J’ai lu avec beaucoup d’intérêt le "récit de politique fiction" de Corentin de Salle et Mikaël Petitjean dans la page débats de La Libre datée du 8 novembre 2018. On y trouve le récit de ce qui nous attend le jour où le PTB arrivera au pouvoir en Wallonie et à Bruxelles : augmentation des taxes pour couvrir des programmes massifs de dépenses sociales, réduction du temps de travail, augmentation du revenu minimum, pour terminer par une collectivisation massive de l’économie, avec pour conséquences la désertification industrielle de nos deux régions, l’indépendance de la Flandre, le déménagement des institutions européennes à Strasbourg, etc.

À qui s’adresse votre message ?

La première question que l’on est en droit de se poser est : à qui s’adresse ce message ? Je serais prêt à parier qu’il y a beaucoup plus de sympathisants de partis du centre ou de centre-droit que d’électeurs du PTB parmi les lecteurs de La Libre - ce qui est en soi regrettable -, et que parmi ces lecteurs, bien peu seraient tentés par des promesses à la Hugo Chavez. On peut dès lors se demander si le maniement d’un tel discours n’a pas finalement d’autre objectif que d’instiller la peur d’une certaine gauche, en forçant le trait, comme le font avec un succès grandissant bon nombre de leaders populistes de droite dans le monde.

Échec des partis traditionnels

Quant au contenu du message, la conclusion des deux auteurs est que "le PTB au pouvoir, c’est l’explosion de notre modèle social, la destruction de la classe moyenne, l’appauvrissement des pauvres et le cataclysme social assuré". Si l’on prend comme exemple le cas du Venezuela, on ne peut leur donner tort, et le but ici n’est pas d’argumenter ou de prendre position sur la faisabilité d’un tel programme. Cependant ne sommes-nous pas d’ores et déjà, dans nos démocraties occidentales, dans une période caractérisée par l’appauvrissement progressif et des pauvres et de la classe moyenne, au profit d’une oligarchie financière qui concentre de plus en plus de richesses ? Ce phénomène très largement documenté et commenté se déroule dans notre monde occidental qui n’est pas précisément dirigé par une majorité de Chavez et de Maduro, mais par des partis libéraux, sociaux ou chrétiens-démocrates au pouvoir depuis de nombreuses années. C’est parce que les partis traditionnels ne semblent plus en mesure aujourd’hui de promouvoir une plus grande justice sociale que se multiplient les partis qui prônent des mesures simplistes dont nous savons tous qu’elles ne peuvent fonctionner dans le monde complexe qui est le nôtre.

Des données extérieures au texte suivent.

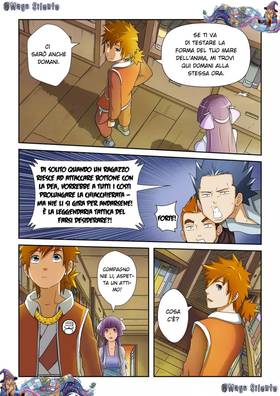 Read Tales of Demons and Gods  19 Page 7 in Italian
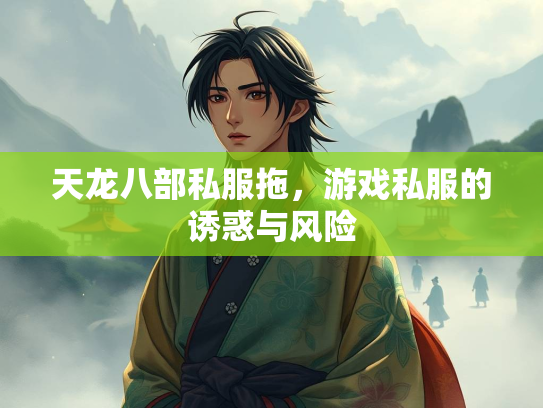 天龙八部私服拖，游戏私服的诱惑与风险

S’il est clair que beaucoup de citoyens ne souhaitent pas expérimenter les recettes de l’extrême gauche, il doit exister dans le public un large consensus sur la nécessité de sauvegarder et d’améliorer le modèle de société que nous connaissons en Europe.

On ajoutera que depuis quelques années de nombreux rapports, en commençant par ceux du Giec, insistent sur la réduction des inégalités comme condition indispensable à la mise en place des mesures nécessaires à la préservation de notre environnement.

Conserver notre modèle social

Chantal Mouffe nous rappelle que "la politique a toujours une dimension ‘partisane’ et, pour que les gens puissent s’y intéresser, il faut qu’ils aient la possibilité de choisir entre des partis qui présentent de vraies alternatives"(1). L’extrême gauche est une alternative qui sourit à certains. D’autres citoyens sont, il faut l’espérer, avides de connaître ce que peuvent nous proposer les partis situés au centre ou plus à droite sur l’échelle de l’échiquier politique pour conserver le modèle social que nous avons eu la chance de connaître depuis la fin de la Seconde Guerre mondiale, en particulier dans les domaines clés que sont la justice, l’enseignement, le logement et la fiscalité, qui ne cessent de se dégrader.

Les partis d’extrême gauche ont peut-être une leçon à nous donner : leur exemple montre que ce qu’attend le citoyen, et ce qui semble fonctionner électoralement, ce sont les solutions "en rupture" avec la politique actuelle. Pour se faire réélire, il ne suffit plus de montrer combien on a été de bons gestionnaires de la chose publique, il faut oser dire que les choses peuvent dorénavant se faire différemment, sans oublier que la politique est l’art du possible… Même si on fait partie d’un parti dit traditionnel. Pointer la naïveté des programmes d’extrême gauche, ou manier la peur ne sont pas des politiques. Ce ne sont que des slogans.